Many have tutted about the lusty licentiousness with which Fennell has approached the text. She has called it an extreme story for extreme times. If only her interpretation was as demented as Brontë intended: this version is limp and curiously boring, a series of jump fucks designed for TikTok memes. The casting decisions have been tested — Heathcliff is supposed to be “a dark-skinned gypsy”. Cathy’s ghost has been exorcised. No! But the great sadness of this adaptation is in its refusal to embrace the madness at its centre. Wuthering Heights is a dark, deranged story about incest, appalling violence, sexual abuse and torture. It should be utterly unhinged. (Jo Ellison)
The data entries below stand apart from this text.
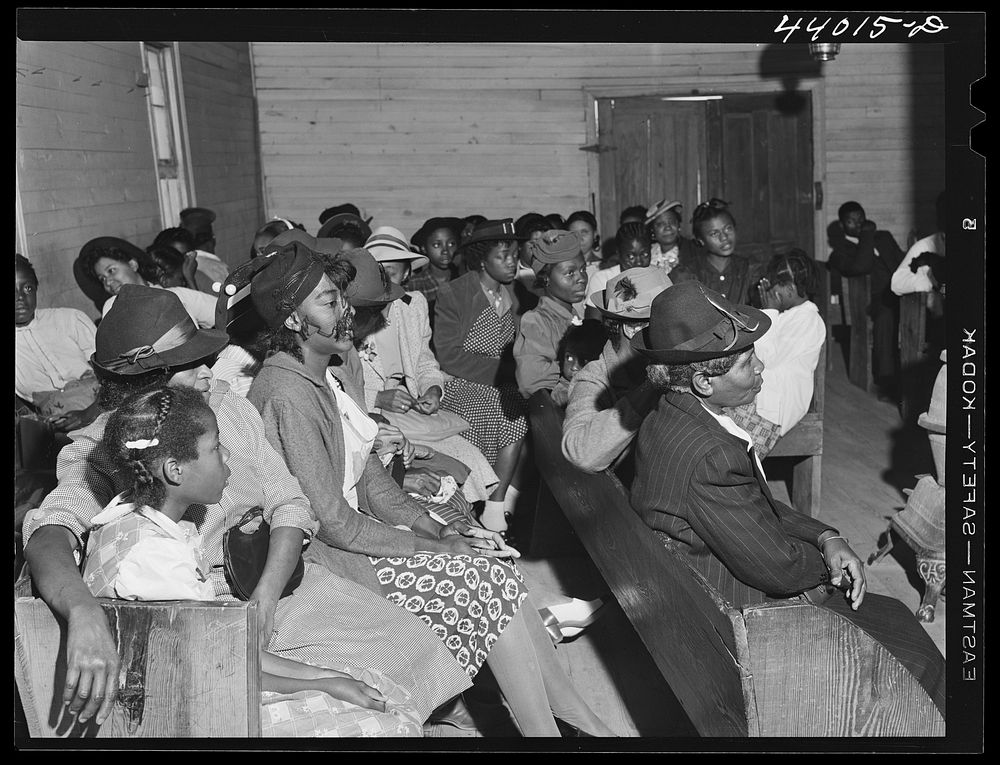  church service in Heard County, Georgia. Sourced from the Library of Congress.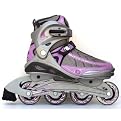 Women's Roller Derby Hybrid G700 In-Line Skates - Black/ Gray/ Titanium/ Lavender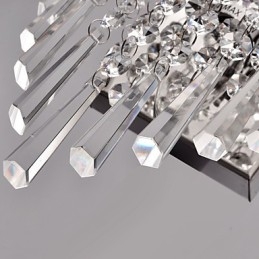 Halvcirkelformad Vägglampa I Crystal Feature
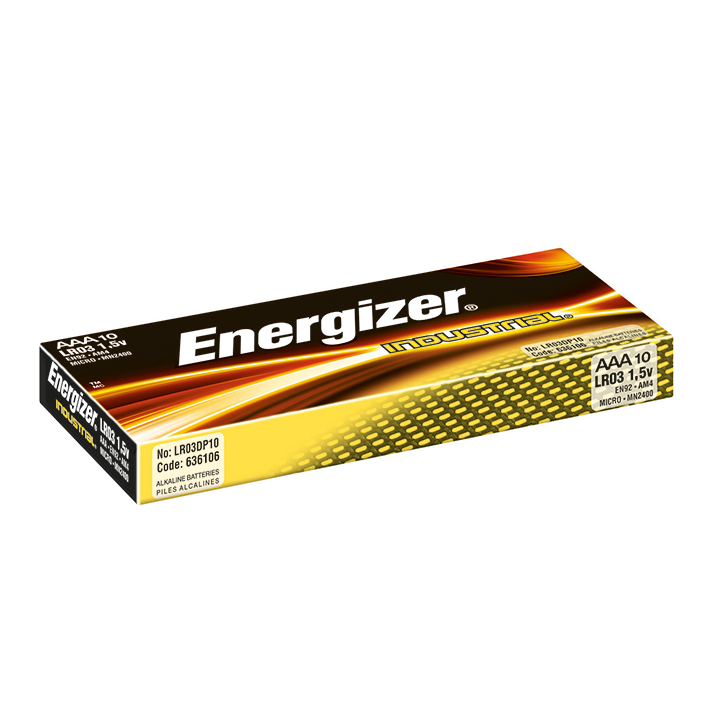Energizer Industrial Batterien Micro AAA LR03 1,5 V (10er-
The New Yorker discusses the film with film critic Justin Chang.
Having the main characters—played by Jacob Elordi and Margot Robbie—be sexually intimate isn’t the only way Fennell strayed from the original text. How do you feel about the liberties she took?
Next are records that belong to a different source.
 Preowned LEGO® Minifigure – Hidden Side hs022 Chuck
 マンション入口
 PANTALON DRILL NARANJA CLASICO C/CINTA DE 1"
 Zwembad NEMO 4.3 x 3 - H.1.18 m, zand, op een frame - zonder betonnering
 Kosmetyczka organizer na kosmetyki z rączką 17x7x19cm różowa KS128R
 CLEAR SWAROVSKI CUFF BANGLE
Some of her liberties are nothing new. Like many “Wuthering Heights” adaptations, this one ignores the novel’s second half. The elaborate framing devices are gone, too; Emily Brontë’s book is, among other things, a story about storytelling, and Fennell’s film is not. My issue isn’t with the liberties themselves—every good adaptation takes its share of them. It’s more that Fennell pares away so much of Brontë’s great narrative material and, the glossy maximalism of her approach aside, I don’t think she gives us much in return. (Hannah Jocelyn)
The Indian Express talks to Professor Corinne Fowler about Heathcliff's possible origins.
He arrives as a foundling, a “dirty, ragged, black-haired child” found in the streets of Liverpool and deposited on the Yorkshire moors. He speaks “some gibberish that nobody could understand.” He is given a dead son’s name and raised among strangers who never let him forget he does not belong.
For nearly 180 years, readers of Emily Brontë’s Wuthering Heights have debated the origins of its most enigmatic character. Is he a gypsy, as the novel repeatedly suggests? A “Lascar” – the period term for an Indian or Southeast Asian sailor? The son of African slaves? An Irish famine orphan?
A growing body of evidence, drawn from the Brontës’ own reading material and juvenile writings, points to the possibility that Heathcliff may have been imagined as an orphaned Indian prince.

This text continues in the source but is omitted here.